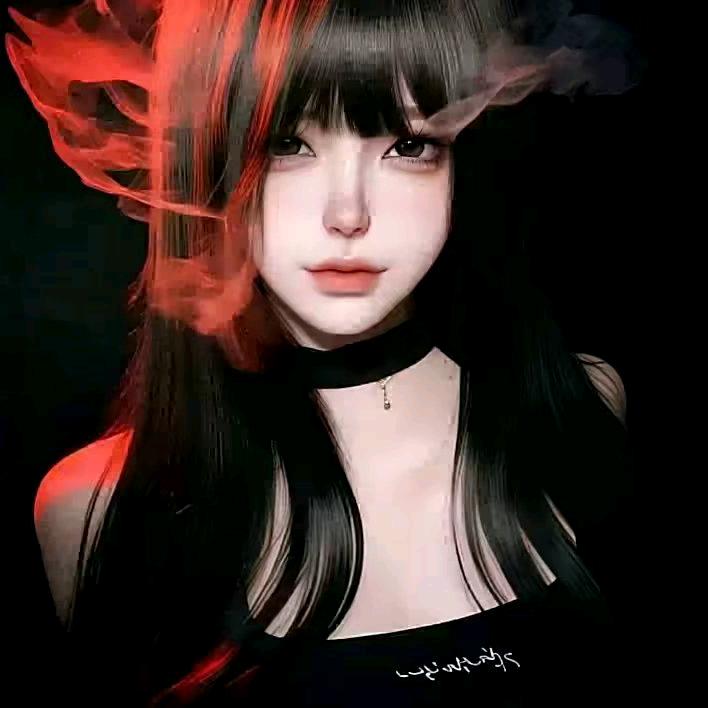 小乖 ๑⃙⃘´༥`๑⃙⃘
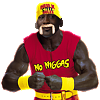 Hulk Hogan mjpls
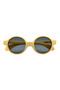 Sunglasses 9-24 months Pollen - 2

Problem requirements: Could you set down, exactly as written, every line from the one with "Hulk Hogan mjpls" to the end of the data, both ends included? Leave out the pictures.

Solution:
 Hulk Hogan mjpls
 Sunglasses 9-24 months Pollen - 2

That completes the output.